- Problem description
With both ends included, repeat exactly the lines of the entries below from the one containing "2023 RAM 3500 - Image 9" down to the one containing "نقدم لك 4 خطوات", and no others.

- Information
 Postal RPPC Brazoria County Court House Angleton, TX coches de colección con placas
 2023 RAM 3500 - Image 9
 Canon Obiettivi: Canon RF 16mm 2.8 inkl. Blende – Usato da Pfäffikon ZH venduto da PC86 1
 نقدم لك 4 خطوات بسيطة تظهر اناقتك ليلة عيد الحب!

* * *

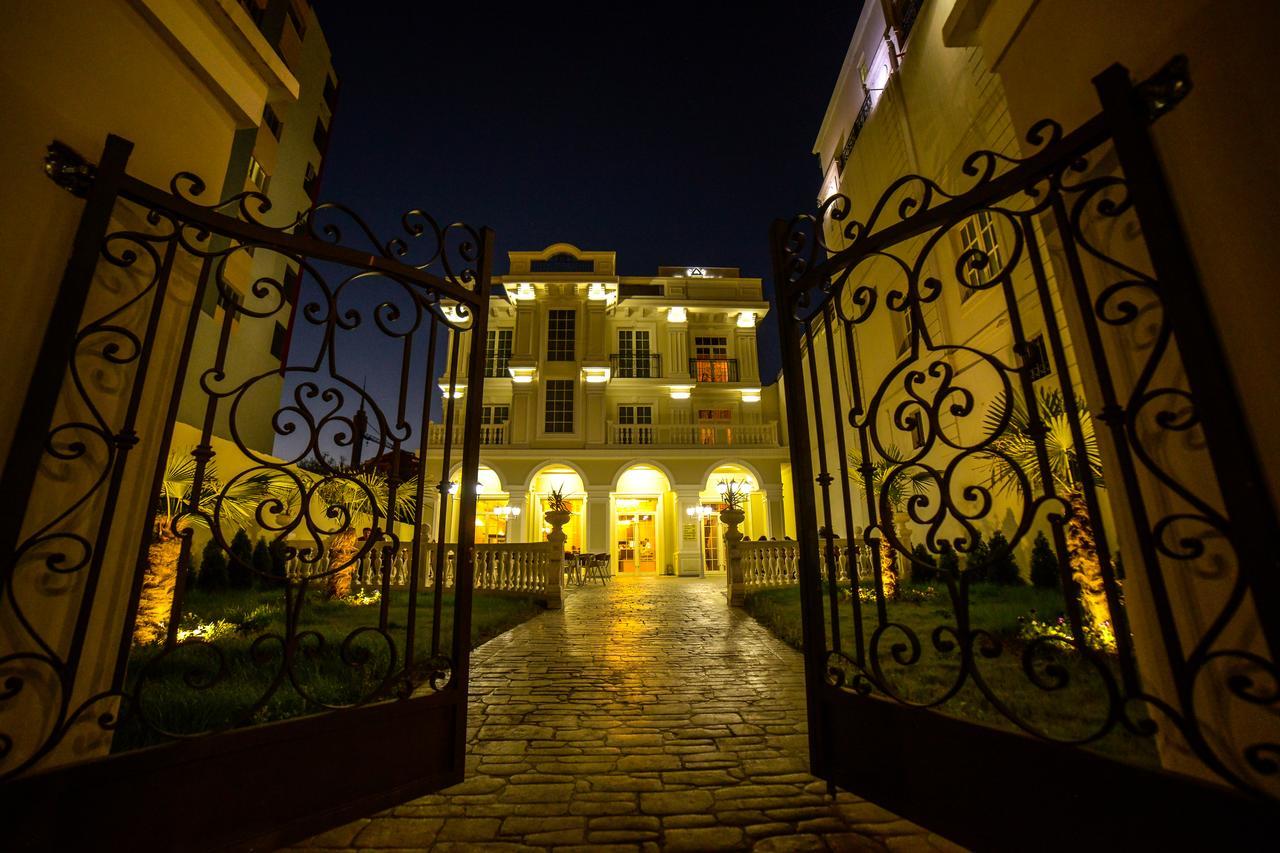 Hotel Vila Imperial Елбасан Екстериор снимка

- Solution to the exercise
 2023 RAM 3500 - Image 9
 Canon Obiettivi: Canon RF 16mm 2.8 inkl. Blende – Usato da Pfäffikon ZH venduto da PC86 1
 نقدم لك 4 خطوات بسيطة تظهر اناقتك ليلة عيد الحب!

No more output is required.